Source information:
○ ○ ○ ○ ○

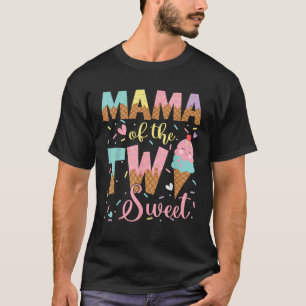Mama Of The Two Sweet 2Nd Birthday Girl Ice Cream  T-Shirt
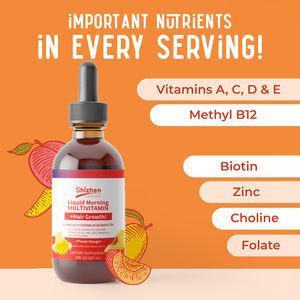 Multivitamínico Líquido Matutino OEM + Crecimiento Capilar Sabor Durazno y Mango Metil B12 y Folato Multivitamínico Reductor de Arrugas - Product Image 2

○ ○ ○ ○ ○

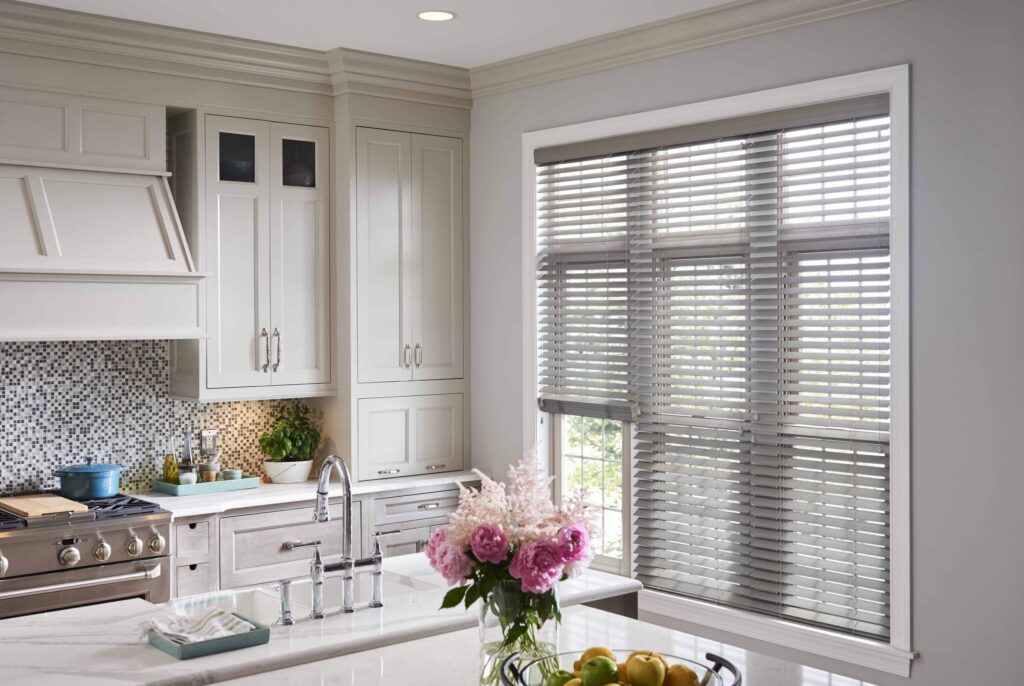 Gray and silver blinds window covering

○ ○ ○ ○ ○

Try it:
Find the line with "Mama Of The" in the data above, and from there retype each line exactly through the line with "Multivitamínico Líquido Matutino", skipping the pictures along the way.

Output below:
Mama Of The Two Sweet 2Nd Birthday Girl Ice Cream  T-Shirt
 Multivitamínico Líquido Matutino OEM + Crecimiento Capilar Sabor Durazno y Mango Metil B12 y Folato Multivitamínico Reductor de Arrugas - Product Image 2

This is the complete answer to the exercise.